6. CME Group
CME Group (CME -4.05%) operates the world's largest financial derivatives exchange, allowing investors to trade futures, which bet on the future price of an asset, and options, which grant investors the option to sell or buy an asset in the future at a predetermined price. CME Group's exchange trades a diverse assortment of assets, including agricultural and mining products, energy, stocks, and currencies. It's the latter that makes CME Group a crypto stock.
At the end of 2017, CME established the first market for Bitcoin futures. At the start of 2020, the company created a market for options on Bitcoin futures. By March 2022, Ether (units of the crypto platform Ethereum) also had futures available on the exchange.
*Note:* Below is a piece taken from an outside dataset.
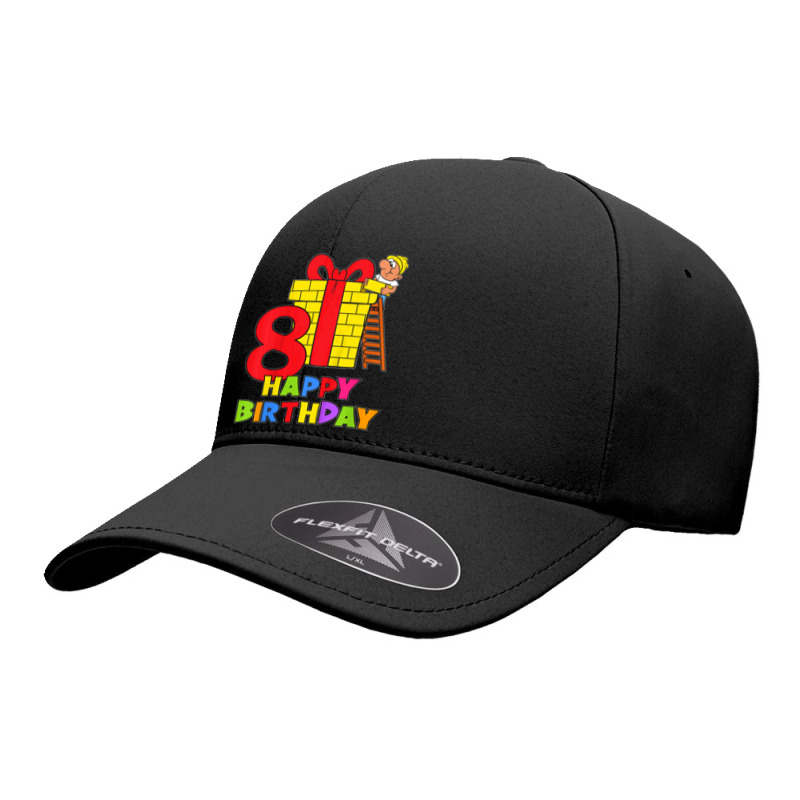 Kids 8 Years Old 8th Birthday Construction Worker Boy Children's Birth Seamless Cap | Artistshot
Both Ether and Bitcoin futures were joined by micro futures this year, based on smaller slices of the underlying cryptocurrencies.
Establishing a full-featured exchange for derivatives of the best-known cryptocurrencies has given Bitcoin and Ethereum some extra legitimacy and provided a way for digital currency owners (both individuals and a growing list of businesses that accept cryptocurrencies as payment) to mitigate risk from changes in cryptocurrency prices. Cryptocurrency derivatives are still a small market for CME Group, but adding more exchanges for crypto assets in the future is possible -- and even likely.
Mainstream adoption of crypto stocks
The best part about cryptocurrency stocks is that most of them are not pure plays on the industry, so investors have the reward of ample diversification. Cryptocurrencies are quite volatile and can cause wild swings in the revenue and earnings of companies with sector exposure.
The crypto realm is rapidly gaining mainstream adoption. In August 2021, United Wholesale Mortgage ( ), the second-largest mortgage lender in the U.S., announced it would accept Bitcoin to settle mortgage payments from its customers. Expect further momentum in crypto stocks as more companies join in the blockchain revolution. However, just two months later, United Wholesale Mortgage canceled the scheme due to a lack of customer interest.